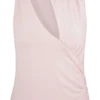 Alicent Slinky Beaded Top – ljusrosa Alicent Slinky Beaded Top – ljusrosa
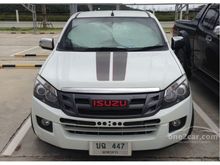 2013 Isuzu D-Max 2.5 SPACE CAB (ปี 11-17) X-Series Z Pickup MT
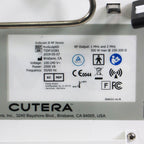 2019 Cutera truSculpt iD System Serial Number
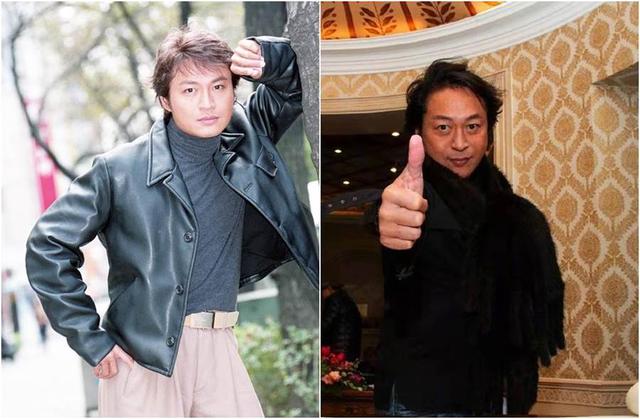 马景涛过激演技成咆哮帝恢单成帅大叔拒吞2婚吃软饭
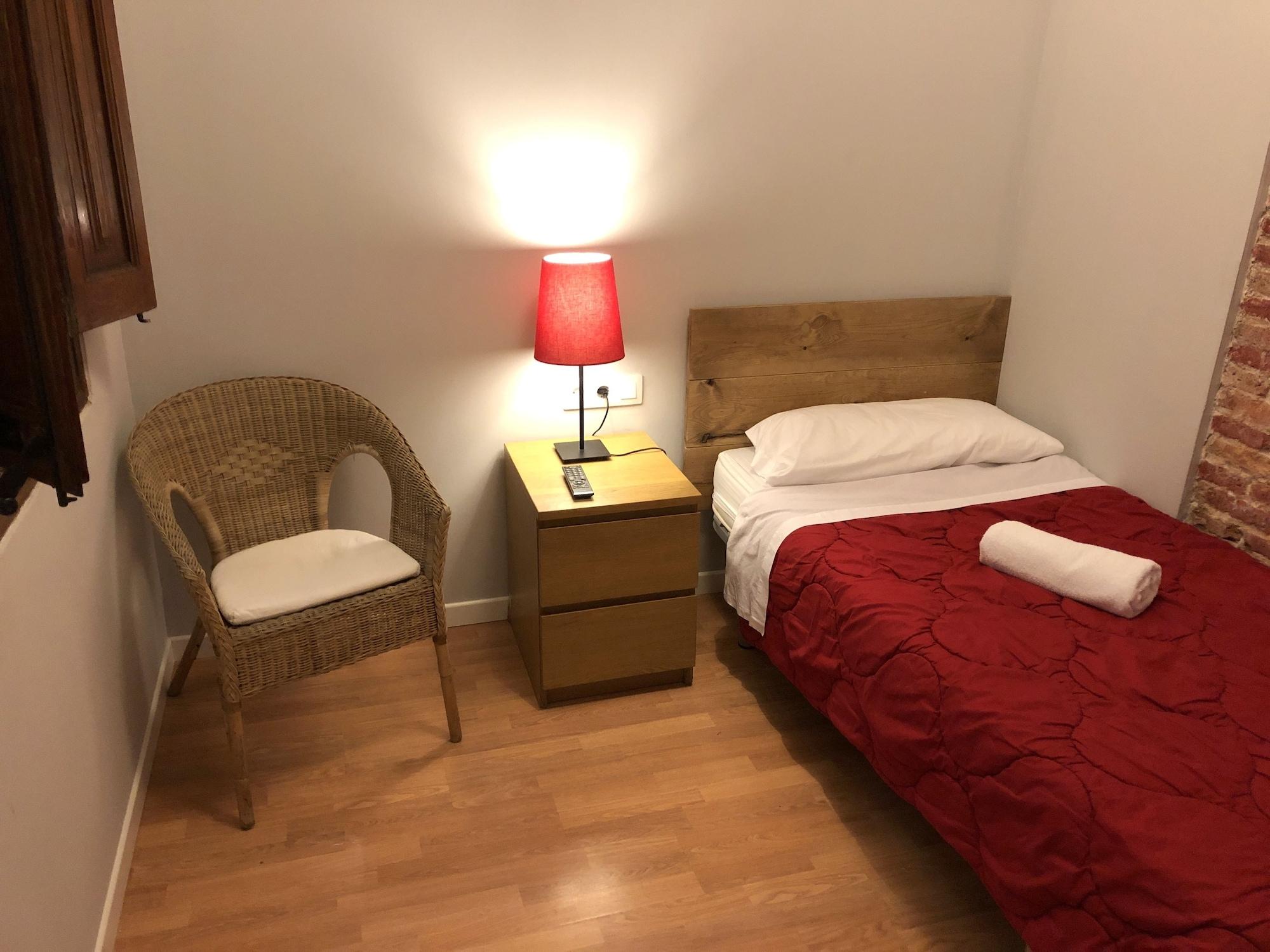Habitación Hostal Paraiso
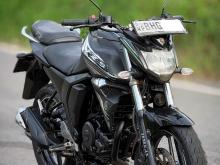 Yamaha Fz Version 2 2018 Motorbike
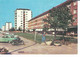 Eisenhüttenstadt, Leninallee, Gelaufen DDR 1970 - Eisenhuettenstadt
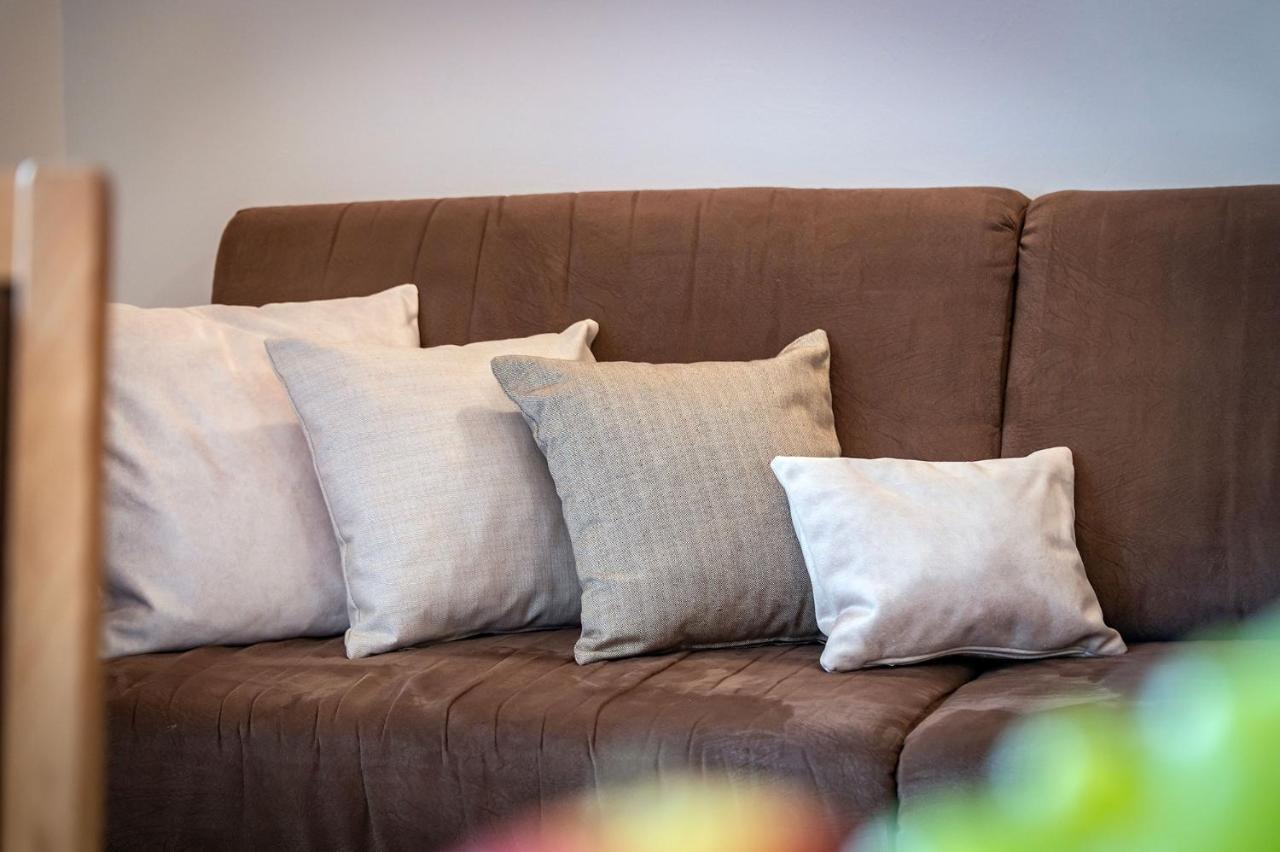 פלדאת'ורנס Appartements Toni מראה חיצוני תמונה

++++

## TASK TO CARRY OUT
First drop every picture, then print the data above exactly as it stands.

## ANSWER
 Alicent Slinky Beaded Top – ljusrosa Alicent Slinky Beaded Top – ljusrosa
 2013 Isuzu D-Max 2.5 SPACE CAB (ปี 11-17) X-Series Z Pickup MT
 2019 Cutera truSculpt iD System Serial Number
 马景涛过激演技成咆哮帝恢单成帅大叔拒吞2婚吃软饭
Habitación Hostal Paraiso
 Yamaha Fz Version 2 2018 Motorbike
 Eisenhüttenstadt, Leninallee, Gelaufen DDR 1970 - Eisenhuettenstadt
 פלדאת'ורנס Appartements Toni מראה חיצוני תמונה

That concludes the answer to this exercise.